In today’s World, our new reality is that a new customer engagement paradigm beyond the transactional realm is now an imperative for continued relevance and business success in any Industry including telecoms. If the telecom Industry has not fully embraced this reality of the changing customer engagement paradigms, maybe this explains why the customers are not so enamoured of the Industry.
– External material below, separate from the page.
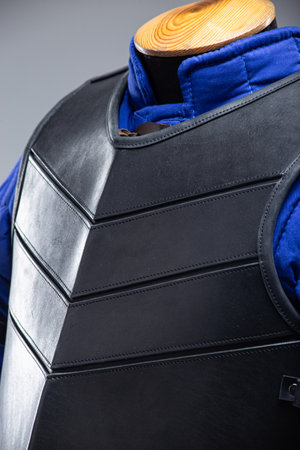 Black Leather Body Armor with Adjustable Straps. This image features a black leather torso armor with a segmented design on the chest and adjustable straps with buckles on the sides.の写真素材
It is time for deep introspection within the telecom Industry in the African Continent in particular. The impact of telecom on socio-economic development especially in developing economies is critical. Telecom Operators are at the centre of an extensive ecosystem of suppliers, retailers, businesses and almost, if not, all of the country’s population that can be transformed into an unparalleled customer engagement engine which can translate to relevant products, services and solutions to meet the unique needs of our populace directly or improve other sectors of the economy. Telecom is more than a Utility, it represents platforms, partnerships and relationships that can be translated to much more than a basic voice call or data connection. It is the foundation of a new digital economy which can accelerate socio-economic progress in the African Continent. Telecoms should be the most loved Industry as the enabler for socio-economic progress. However, It will require a massive rewiring from the “Utility” mindset to a “Development” mindset. It will challenge everything that has been built on the Utility mindset and would call for a creative destruction of the status quo to create a new sustainable Industry future from what has been created till date.
Today, some of the World’s most capitalized companies like Apple, Alphabet (Google), Microsoft, Amazon and Facebook are considered technology companies but have evolved to be much more that with a pervasive influence in the lives of consumers all over the World. These companies have intrinsically endeared themselves to consumers in the course of this journey. There is no reason why telecom Operators cannot do even more.